In comparison, Brown appeared on "Good Morning America" on August 9, 1999 to embarrassingly gush over the marriage of Bill and Hillary Clinton: "What you feel is this is a couple who share the passion for the world, for doing good for politics, for making life better for other people. This is their great bond, and it really has brought them together with almost a sort of spiritual intensity."
A transcript of the exchange between Roberts and Brown, which occurred at 8:43am, follows:
ROBIN ROBERTS: And now, magazine guru- you like that? Tina Brown, is here this morning. The former editor of Vanity Fair and the New Yorker is set to conquer a whole new medium, the internet. She is launching a website. It's called the Daily Beast. The motto is read this, skip that. Because they carefully choose their content to give you only the hottest, most interesting stories, such as yourself.
TINA BROWN: Correct. Yes.
ROBERTS: Politics is really hot right now.
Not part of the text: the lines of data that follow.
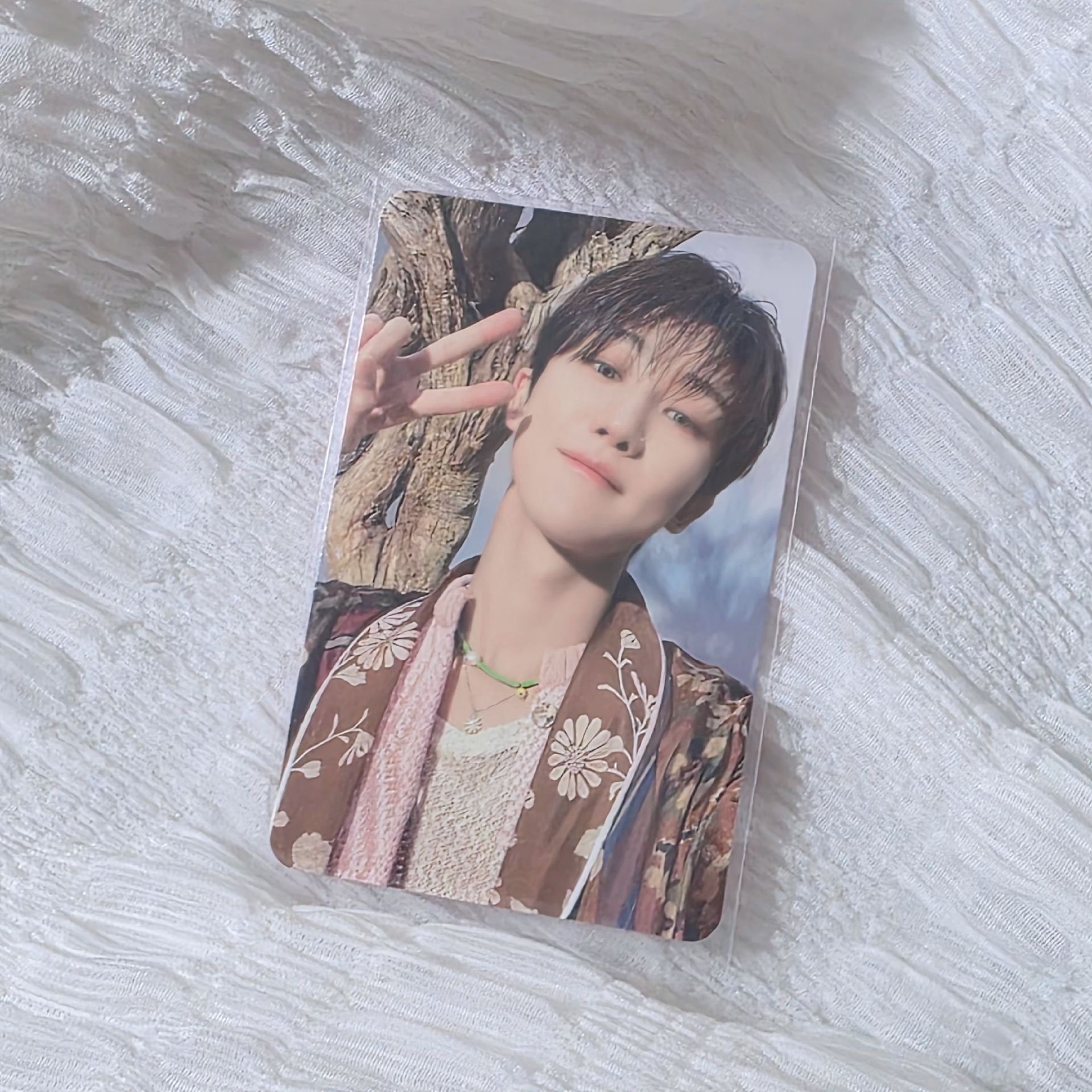 剪刀石頭布 你是我全部𐔌՞. .՞𐦯⋆.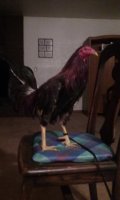 20170708_205134.jpg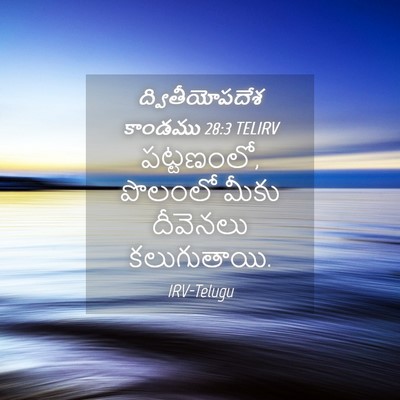 Picture 04 - ద్వితీయోపదేశ కాండము 28:3 TELIRV - పట్టణంలో, పొలంలో - Bible Verse Picture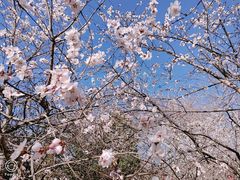 -桃花堤公园
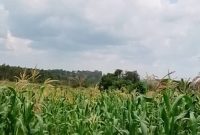 250 acres of land for sale in Myanzi Mityana road at 4m per acre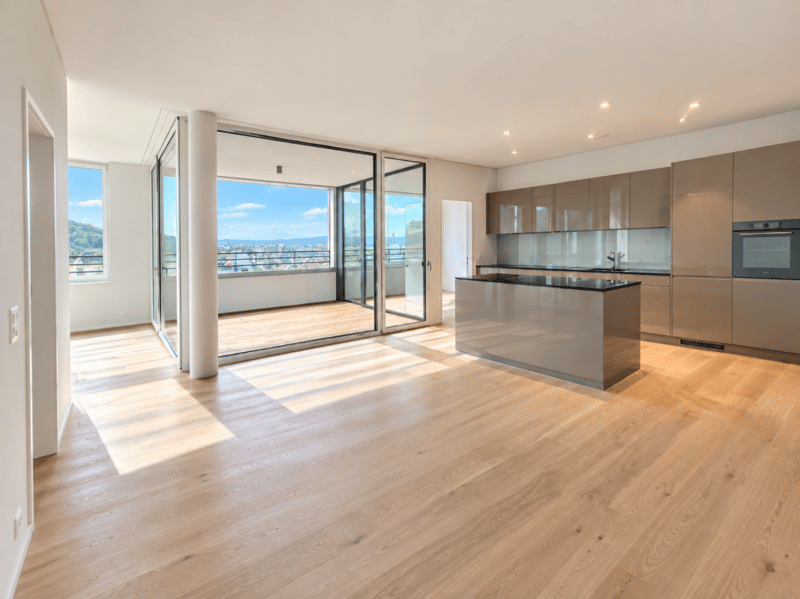 Einmalige 4.5-Zimmerwohnung im 9. Obergeschoss mit Weitblick über das Suhrental (1)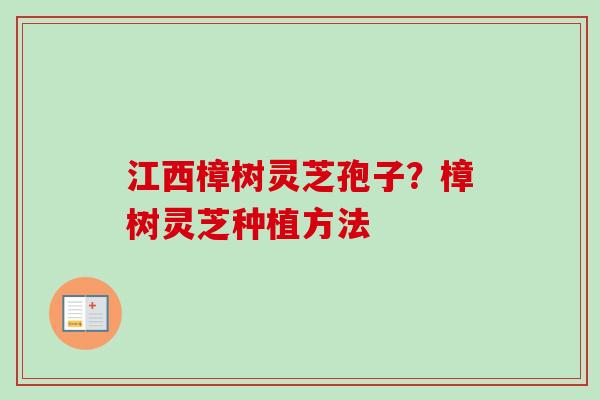 江西樟树灵芝孢子?樟树灵芝种植方法 江西樟树灵芝孢子?樟树灵芝种植方法
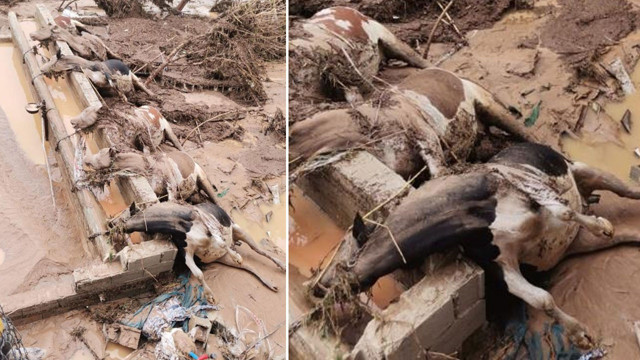 Adıyaman ve Şanlıurfa'da sel felaketi! Can kaybı büyüyor! Bodrumdan 5 kişinin cesedi çıktı - Resim: 3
BROWN: Very hot, indeed. And the Daily Beast is chowing down everyday the most exciting political stuff and putting up only those the stories that we know that you're going to talk about.
ROBERTS: And what is it that people are talking about when it comes to politics right now? The two candidates?
BROWN: Well, what I think what people are really interested in is, obviously, you know, there's a huge direction right now for Barack Obama, that he's really winning, at the moment, anyway, unless something dramatic happens. I think what I feel strongly is a sense that people are regretting [sic] the old John McCain. Like, what happened to this man who was such, a kind, of honorable, great American? The campaign doesn't seem to live up to his sense of honor in any way. And he's really changing. And I feel what is sad, in a way, and what I wrote about actually this week on the site, was, just, if McCain loses, will he feel a great regret that he didn't lose this time with as much honor as he lost last time?
ROBERTS: And you're a friend of his. You've known him for a while.
BROWN: I really have a great affection for him. I like him enormously.
ROBERTS: I know you do.
BROWN: I admire him. You know, I think he's fantastic. But he has run a campaign in the last weeks which has not been to his credit.
ROBERTS: That's what some people are talking about. The Daily Beast. There's a lot out there on the internet. What sets this apart? What's different about this website?
BROWN: What's different is we are really like the smart, amusing friend, who e-mails on the great stuff and says have you read this? We go through everything. I mean, we get in at 5:00 in the morning. And we just chow it all down. We read it all for you. And we only give you the ten things every day, which we feel are going to provoke you, interest you, inform you, make you laugh. They're the ten things which are the hottest stories of the day, which you're going to talk about at work, and come off as informed and engaged in the conversation. 'Cause none of us have any time.